S’adapter pour survivre. Dans ce contexte, l’entreprise moderne n’a pas d’autre choix que d’évoluer si elle désire se pérenniser. L’entrepreneur avisé adapte ses systèmes juridiques à la disparité judiciaire qui caractérise les relations internationales, chaque pays disposant de sa propre législation. Néanmoins on constate une mutation des lois nationales qui sont de plus en plus enclines à favoriser la mobilité des acteurs économiques. Sur ce point, l’entreprise doit pouvoir être flexible en délocalisant, par exemple, certaines de ses activités. Il convient aussi d’anticiper la création de lois extraterritoriales qui permettent aux Etats de légiférer sur les entreprises étrangères. S’adapter aux normes étatiques, oui, mais pas uniquement. Arancha Gonzalez, directrice exécutive du Centre International de Commerce, met en évidence plusieurs problématiques sensibles sur lesquelles les entreprises devront s’ajuster si elles veulent survivre. Les problèmes environnementaux, la mutation des marchés, et la multi-polarité du monde sont ainsi trois importants facteurs d’incertitude. Pour s’en protéger,« we need to think ahead of the curve », souligne Bing Xiang, professeur et doyen fondateur de l’école de commerce Cheung Kong, « and be well prepared ». Réactivité, adaptation : les maîtres mots de cette conférence.

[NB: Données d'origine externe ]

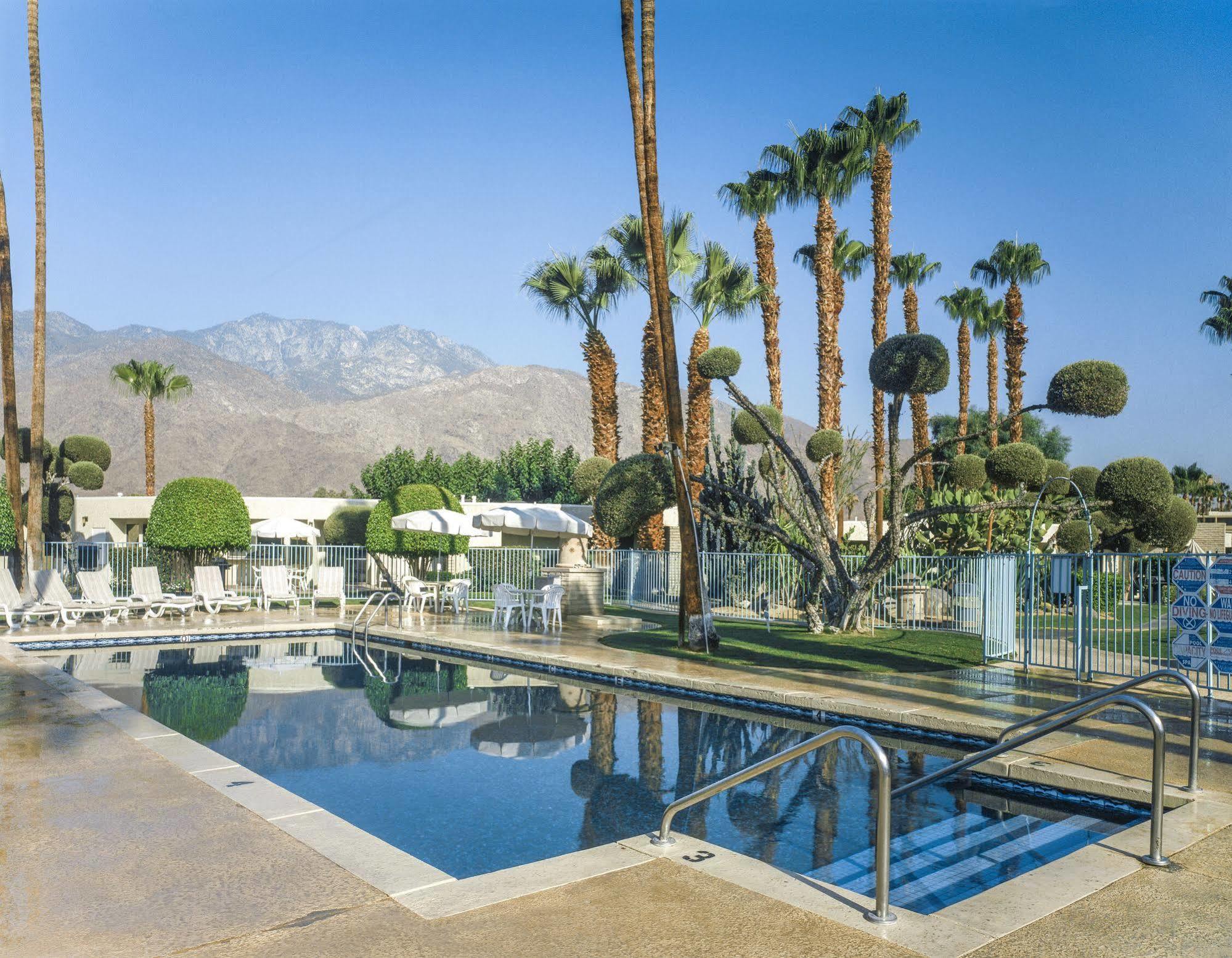 Desert Isle Resort パーム・スプリングス エクステリア 写真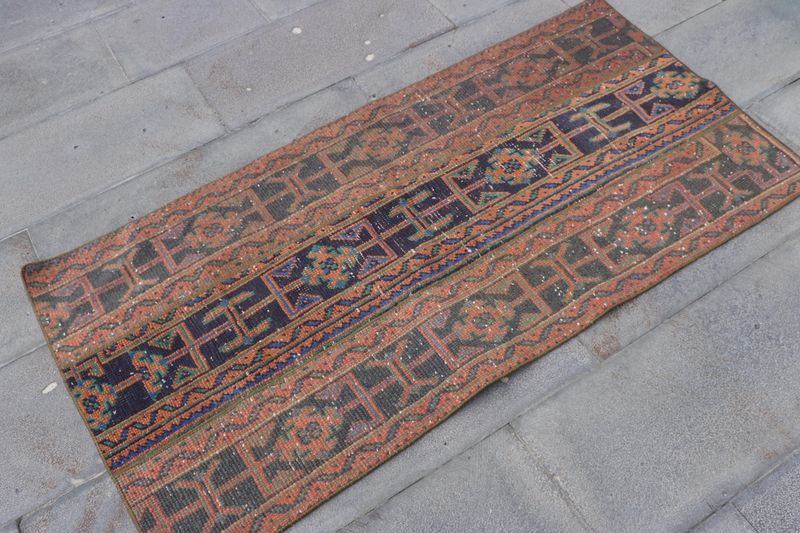 Vintage Turkish Accent Area rug 2.4 x 4.9 ft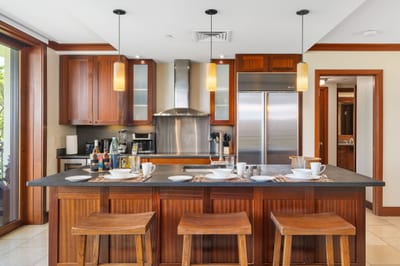 Designed with both beauty and function in mind, this kitchen invites connection, creativity, and casual luxury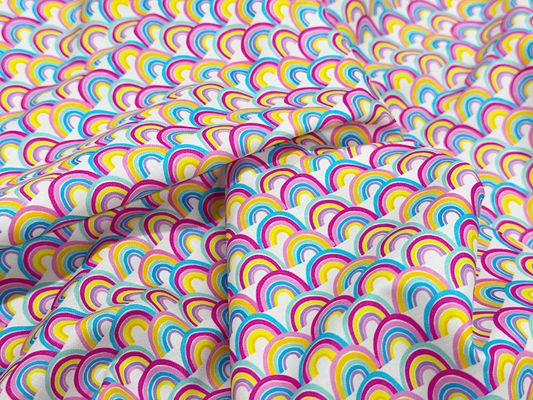 USAコットンシーチングプリント「Rainbows」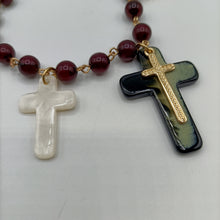 Carica l&#39;immagine nel visualizzatore di Gallery, Bracciale con boule in resina chiodate placcato oro con charms.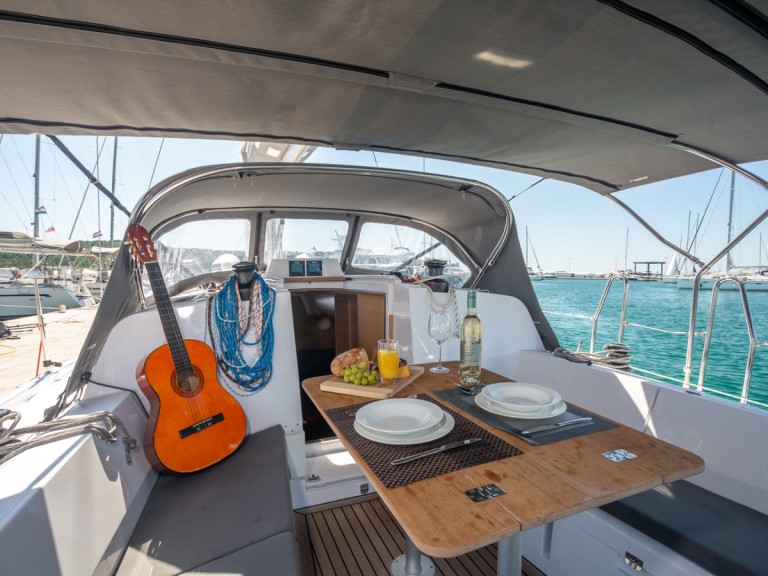 Hire a Elan E4 Betina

« Small is beautiful ». Quelle forme prendra l’entreprise dans les années à venir ? Question épineuse. Une grande tendance semble néanmoins se dégager. De grandes plate-formes devraient centraliser une partie des services sur lesquels reposeraient une multitude de petites entités et d’entreprises spécialisées. Ces petites entreprises partageront les locaux et les infrastructures des plate-formes. La transition est déjà amorcée à travers la consécration de sites tels que Blablacar, Facebook, Airbnb, mais aussi à travers l’émergence de sites de financement participatif. Or, cette situation crée un certain nombre de risques. La polarisation du pouvoir due à la mosaïque de petites entreprises pourrait amener à une hégémonie des grandes plate-formes. Le rôle des Etats s’en verrait affaibli ; les comptes Facebook et LinkedIn, par exemple, sont de plus en plus utilisés comme preuves d’identité, pouvoir historiquement réservé aux gouvernements. Rien ne dit que ce processus s’arrêtera là.

Rééquilibrer la distribution du pouvoir. Un point positif nuance le tableau. Phillippe Wahl, PDG de La Poste, rappelle que l’entreprise du 21e siècle sera celle qui sera au service de ses clients, répondra à un rôle précis, aura une véritable utilité publique. Depuis quelques années le consommateur revient progressivement au centre des préoccupations de l’entrepreneur, notamment en raison de l’expansion d’internet qui permet une meilleure comparaison des produits. La conséquence directe est l’amélioration qualitative globale. Il faudra, aussi, songer à modifier les rapports de force entre salariés et entrepreneurs, repenser le système hiérarchique de l’entreprise. Olivier Klein souligne à ce propos que les entreprises verticales n’ont pas d’avenir, car moins légitimes auprès de leurs travailleurs. « Les salariés ont besoin de sens », martèle-t-il. Il est clair que, face aux nouveaux challenges, l’entrepreneur et son entreprise doivent plus que jamais se préparer à évoluer. « Il est venu le temps des entrepreneurs », selon Philippe Wahl. L’avenir confirmera ou infirmera cette assomption.